Posted by on Nov 9, 2014 in Pope Michael, Sanctification | 1 comment

November 9th is the Feast of the Dedication of the Basilica of Saint John Lateran in Rome. This is actually a sad day for Us, because this is Our basilica as Bishop of Rome. For a thousand years from the end of the persecutions to the Protestant Revolt the Popes lives in the Lateran Palace with some notable exceptions in history. One of these is called in history the Babylonian Captivity, when for seventy years the Popes lived in Avignon in France rather at home in Rome. Today We live in exile in the New World, which has only been visited by one Pope prior to his election. Cardinal Pacelli visited prior to his election as Pope Pius XII in his function as Secretary of State of the Vatican City State.

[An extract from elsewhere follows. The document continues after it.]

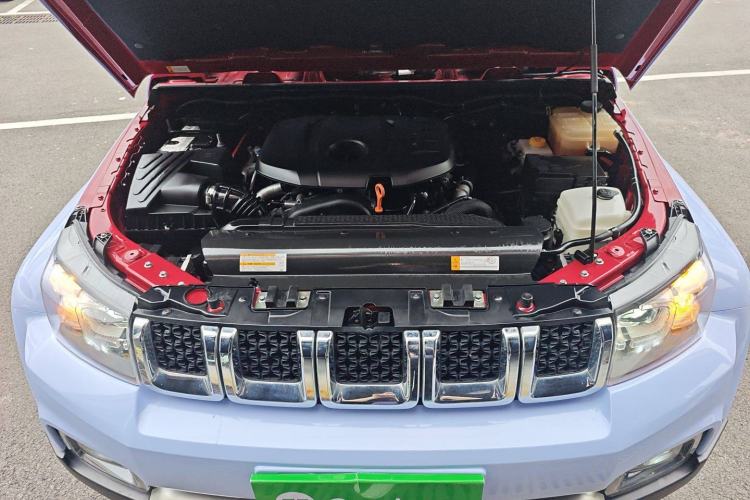 Used BAIC Off-Road BJ40 2023 2.0T Automatic Four-Wheel Drive Urban Hunter Edition Chivalrous Type Engine Bay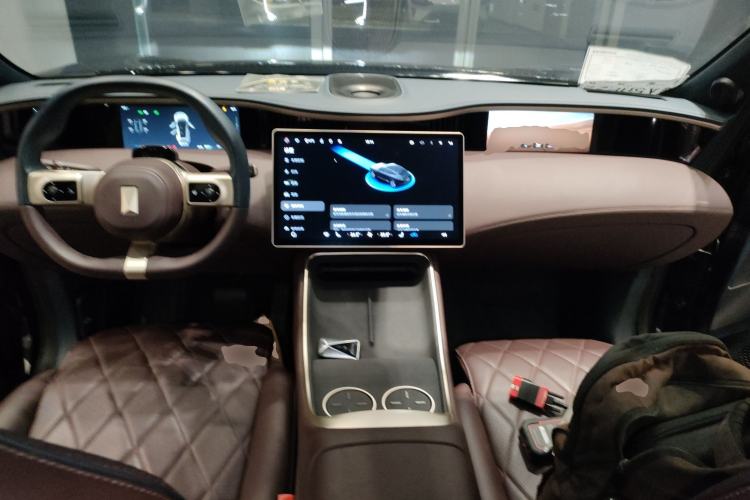 Used Avatr 11 2025 Ultra Extended-Range Edition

“And Jesus said to them: Can the children of the bridegroom mourn, as long as the bridegroom is with them? But the days will come, when the bridegroom shall be taken away from them, and then they shall fast.” (Matthew 9:15) The Bridegroom is away and the Church is at the end of the worst crisis in history. And so we should fast and pray for an end to the Great Apostasy.

Saint Martin’s Lent

November 11th is the Feast of Saint Martin. This feast is about forty days before the Feast of the Nativity of our Lord Jesus Christ. Saint Martin’s Lent obtains its name from the custom of some Catholics to fast before Christmas just as we fast before Easter in Lent.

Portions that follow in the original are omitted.